→ **Dataset section**
*-*-*

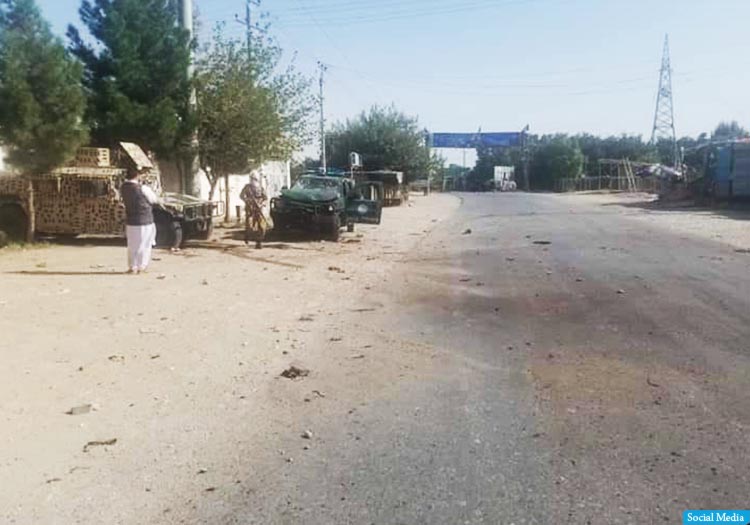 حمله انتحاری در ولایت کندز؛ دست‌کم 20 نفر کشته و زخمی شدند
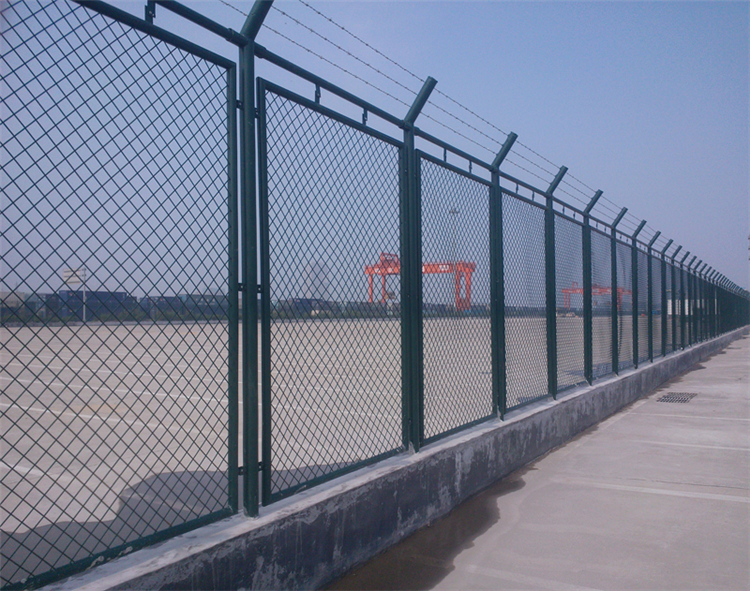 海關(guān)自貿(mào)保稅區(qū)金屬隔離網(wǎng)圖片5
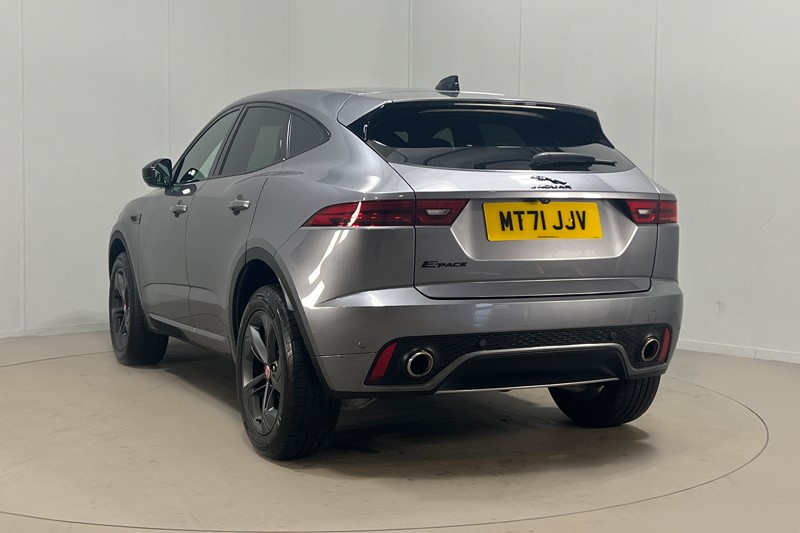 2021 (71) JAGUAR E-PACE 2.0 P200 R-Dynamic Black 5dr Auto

*-*-*

→ **Task**
Produce the material above again in full, with identical lines and no pictures.

→ **Result for this exercise**
 حمله انتحاری در ولایت کندز؛ دست‌کم 20 نفر کشته و زخمی شدند
 海關(guān)自貿(mào)保稅區(qū)金屬隔離網(wǎng)圖片5
 2021 (71) JAGUAR E-PACE 2.0 P200 R-Dynamic Black 5dr Auto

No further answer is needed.